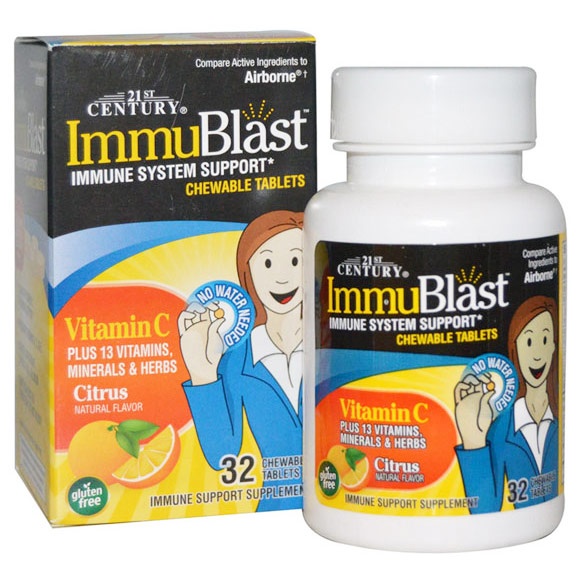 ImmuBlast, Immune System Support, Citrus Flavor, 32 Chewable Tablets, 21st Century HealthCare
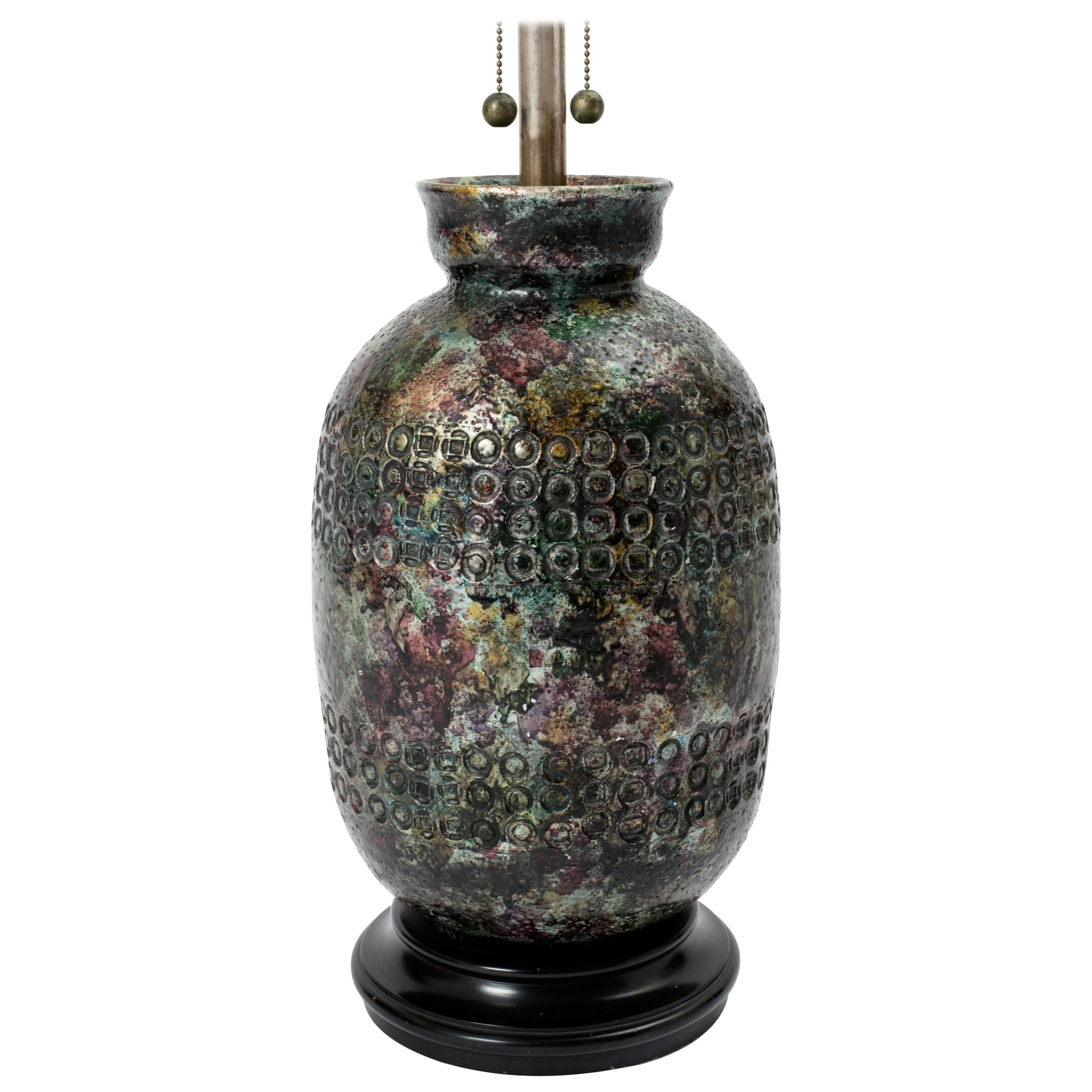 Aldo Londi Monumental 1950s Italian Metallic Jewell Glaze Ceramic Lamp in vendita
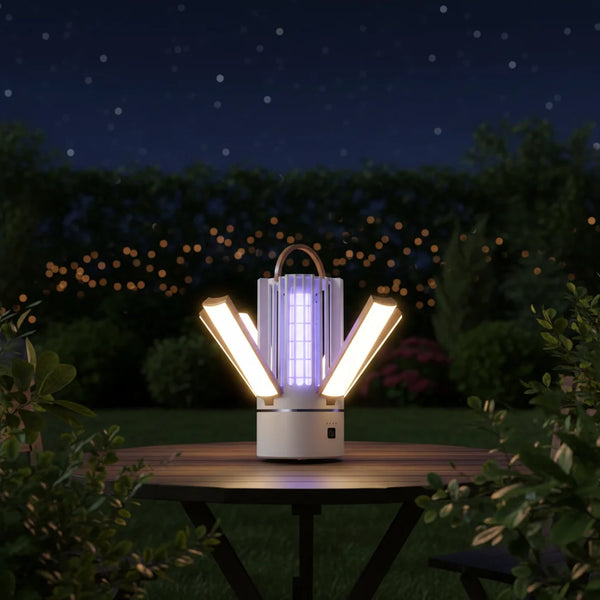 Rechargeable LED Mosquito Killer Lamp and Lantern illuminated at night on a table surrounded by greenery.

----

## [Task description]
Leaving every picture out, output the data exactly as it stands.

## [Result for this task]
 ImmuBlast, Immune System Support, Citrus Flavor, 32 Chewable Tablets, 21st Century HealthCare
 Aldo Londi Monumental 1950s Italian Metallic Jewell Glaze Ceramic Lamp in vendita
 Rechargeable LED Mosquito Killer Lamp and Lantern illuminated at night on a table surrounded by greenery.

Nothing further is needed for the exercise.